# Hello



## wayfarer (Dec 30, 2007)

Hello everyone, I'm based in west Clare, Ireland. I drive a Pilote A8, 6 berth on a Ducato chassis and I love wildcamping. Happy New Year to you all and have a great 2008.


----------



## Deleted member 775 (Dec 30, 2007)

welcome and a happy new year to you if you enjoy wilding then you will love this site


----------



## sundown (Dec 30, 2007)

hello , wayfarer
   i've just been reading posts from australia, canada, belgium and now from ireland
welcome to a very friendly, infomative  and multi-national site
     sundown


----------



## Deleted member 775 (Dec 30, 2007)

cannot wait untill 2008 wow! we are going to be the premium info site on the web for wildcamping and all things to do with motor homes, dont think there will be any better around .


----------



## Belgian (Dec 30, 2007)

mandrake said:


> cannot wait untill 2008 wow! we are going to be the premium info site on the web for wildcamping and all things to do with motor homes, dont think there will be any better around .


You're so right ! There is no better on the net.

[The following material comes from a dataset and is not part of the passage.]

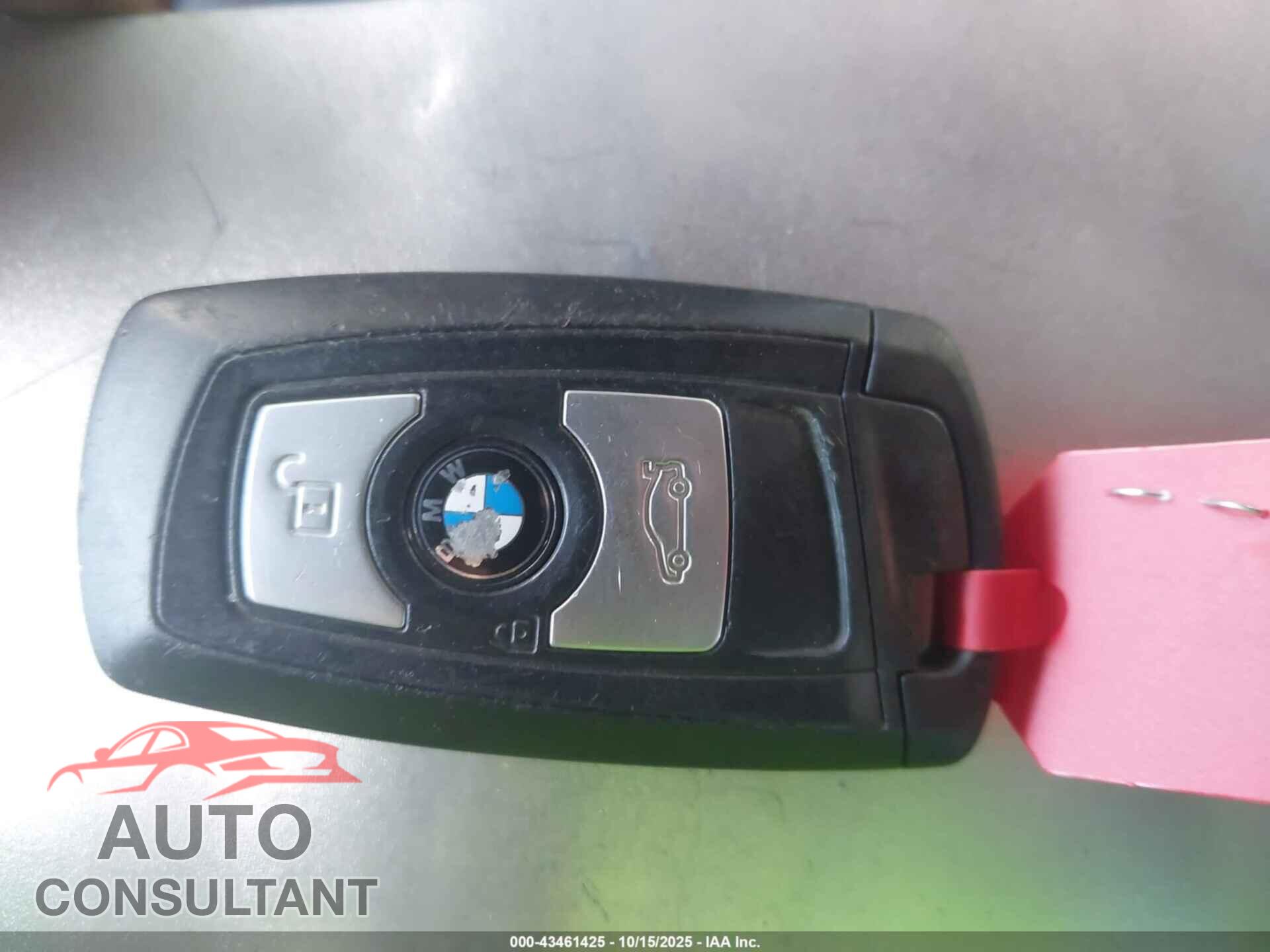 BMW 328I 2013 - WBA3C1C52DF443414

I found here more soulbrothers
than in my own country. Welcome Wayfarer and a lucky 2008.


----------



## Geoff.W (Dec 30, 2007)

Hello, welcome and a Happy New Year to you.

I'm sure you'll find this forum as welcoming and helpful as I have.


----------



## lenny (Dec 30, 2007)

Hi, and welcome Wayfarer, enjoy the site(To be sure) as you say 

Regards..Lenny


----------